This section is from the book "A Treatise On Architecture And Building Construction Vol3: Stair Building, Ornamental Ironwork, Roofing, Sheet-Metal Work, Electric-Light Wiring And Bellwork", by The Colliery Engineer Co.. Also available from Amazon: A Treatise On Architecture And Building Construction.
Different mechanics have different methods of making vertical joints in cornices; some of these are very neat, strong, and durable, while others should not be tolerated. The only two joints worthy of mention here are the butt joint and the lap joint.
18. A butt joint is shown in Fig. 9. The edges of the sheets a, a which form the cornice are trimmed perfectly square and straight, so that when brought together they will fit closely. A strap b, which is made from the same metal as the cornice, is then riveted the entire length of the vertical seam, and its edges are soldered to the back of the cornice, as shown. The rivet heads are all on the outside, and the process of riveting draws in the heads and makes them scarcely visible. The rivets should be as close together as possible.
Fig. 10 shows a lap joint. The sheets are lapped over one another for a distance of 1 1/4 inches and then riveted closely. The back sheet is dressed forwards to be flush with the other, as shown, and the back edge is then soldered, as at b.
19. Both of these joints are strong and durable. The butt joint, however, is neater than the lap joint. A first-class mechanic can make one of these joints so that a perfectly smooth surface will be obtained.
The rivets for galvanized-iron cornices should weigh 1 1/2 pounds per thousand, for Nos. 24, 26, 28, and 30 sheet iron. The rivets for copper cornice work should weigh 1 pound per thousand.
20. Cornice seams, or horizontal joints, are also made in a variety of ways, but the following methods illustrate good practice when the joints must be made on the job.
Cup joints are shown at a and b, Fig. 11. The position of the copper in these joints shows how they appear when the cornice is being fitted up.

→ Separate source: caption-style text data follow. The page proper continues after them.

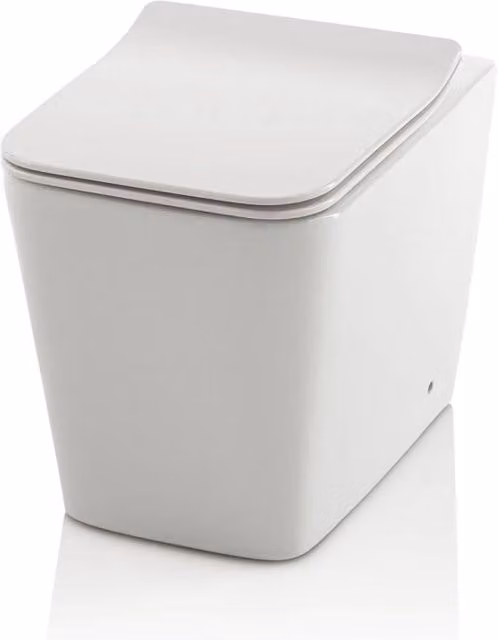 WC a terra BASE AQA DESIGN in ceramica bianco con chiusura soft-close L 36 cm, P 40 cm, H 56 cm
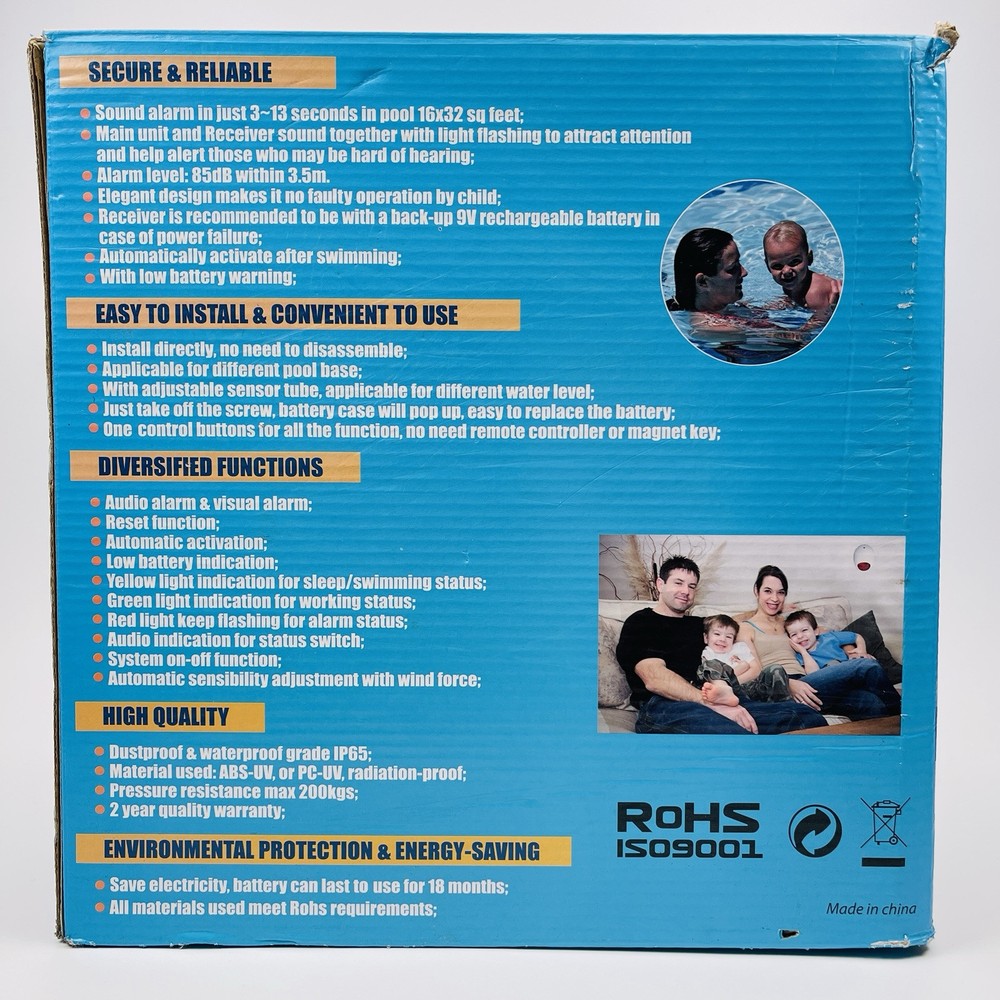 Safety Technology Pool Alarm System Wireless Range 400ft Sound Alarm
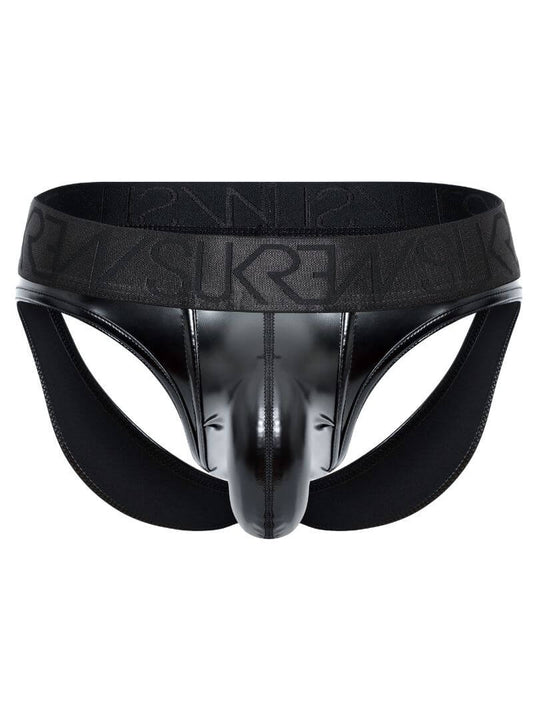 sukrew wet look glossy black backless v-brief men's underwear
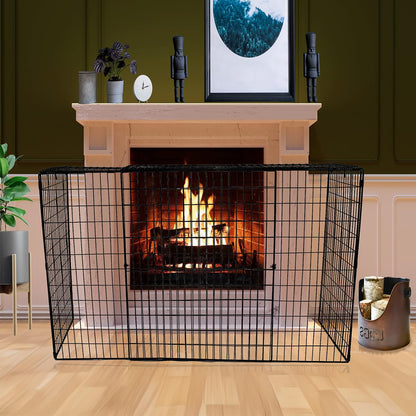 Safetots Original Fireguard, Premium Child & Pet Safety Barrier for Fireplaces, Adjustable 84.5cm - 155cm Width, Easy Install, Baby and Toddler Safety Fire Guard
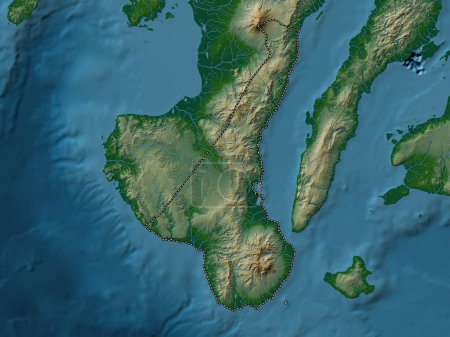 Téléchargez les photos : Negros Oriental, province of Philippines. Colored elevation map with lakes and rivers - en image libre de droit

After the cornice is lined up in place and the vertical joints are all made, the edges are bent over twice, thereby locking the seams. These joints are necessary only in large cornices.
When a seam must be made on a flat surface, such as on a wide frieze, either of the methods shown at c or d may be employed. The seam at c is lapped and riveted like that shown in Fig. 10; a stiffener, however, is bent at the back to keep the seam straight. This is the stronger seam of the two. It is preferable to that shown at d in places where rain will wash over it. When it is desired to form a very close horizontal joint, the clinch seam at d may be used. The edges of the sheets are bent over and butted together in position. The cap is then slipped over the seam as shown. When the work is all lined up, the seam is closed by flattening down the cap. This process draws the sheets together and makes a very close seam.